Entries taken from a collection
--- START ---

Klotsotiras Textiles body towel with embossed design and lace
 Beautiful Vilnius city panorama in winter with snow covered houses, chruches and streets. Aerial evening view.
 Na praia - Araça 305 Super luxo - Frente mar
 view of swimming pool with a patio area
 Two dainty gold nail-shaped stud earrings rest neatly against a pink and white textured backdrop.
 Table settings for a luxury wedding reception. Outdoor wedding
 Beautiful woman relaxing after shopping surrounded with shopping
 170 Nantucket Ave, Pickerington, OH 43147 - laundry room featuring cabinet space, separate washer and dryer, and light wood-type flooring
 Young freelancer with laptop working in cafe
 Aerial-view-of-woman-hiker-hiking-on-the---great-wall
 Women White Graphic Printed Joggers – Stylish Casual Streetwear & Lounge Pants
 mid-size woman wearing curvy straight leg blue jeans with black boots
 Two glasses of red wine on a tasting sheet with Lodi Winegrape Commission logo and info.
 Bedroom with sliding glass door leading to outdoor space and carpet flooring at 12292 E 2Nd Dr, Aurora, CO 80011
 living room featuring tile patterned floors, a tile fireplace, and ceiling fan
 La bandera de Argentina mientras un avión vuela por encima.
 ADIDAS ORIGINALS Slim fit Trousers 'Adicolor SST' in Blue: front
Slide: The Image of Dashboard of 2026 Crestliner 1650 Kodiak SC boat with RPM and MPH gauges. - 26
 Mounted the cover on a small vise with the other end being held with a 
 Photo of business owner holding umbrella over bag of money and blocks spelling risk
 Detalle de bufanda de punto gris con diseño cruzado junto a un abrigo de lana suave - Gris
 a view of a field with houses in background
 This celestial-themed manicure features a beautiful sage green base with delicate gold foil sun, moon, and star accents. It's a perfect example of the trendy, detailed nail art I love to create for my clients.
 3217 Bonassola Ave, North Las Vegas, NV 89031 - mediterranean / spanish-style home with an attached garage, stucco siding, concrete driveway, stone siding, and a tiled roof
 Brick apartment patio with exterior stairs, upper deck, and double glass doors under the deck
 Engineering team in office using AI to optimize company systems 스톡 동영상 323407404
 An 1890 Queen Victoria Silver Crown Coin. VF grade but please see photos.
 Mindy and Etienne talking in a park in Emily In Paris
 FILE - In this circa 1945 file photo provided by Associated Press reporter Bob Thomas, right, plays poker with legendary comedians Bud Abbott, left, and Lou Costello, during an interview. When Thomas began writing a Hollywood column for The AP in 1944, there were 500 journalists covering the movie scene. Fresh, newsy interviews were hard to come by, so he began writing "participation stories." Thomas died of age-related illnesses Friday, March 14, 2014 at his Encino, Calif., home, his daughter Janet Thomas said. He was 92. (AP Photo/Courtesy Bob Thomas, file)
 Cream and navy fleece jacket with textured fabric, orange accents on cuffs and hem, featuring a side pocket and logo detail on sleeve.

--- END ---

• **ACTIVITY**: Look through the entries above, and wherever a line holds the word "flooring", copy it.

• **ANSWER TO THE PROBLEM**:
 170 Nantucket Ave, Pickerington, OH 43147 - laundry room featuring cabinet space, separate washer and dryer, and light wood-type flooring
 Bedroom with sliding glass door leading to outdoor space and carpet flooring at 12292 E 2Nd Dr, Aurora, CO 80011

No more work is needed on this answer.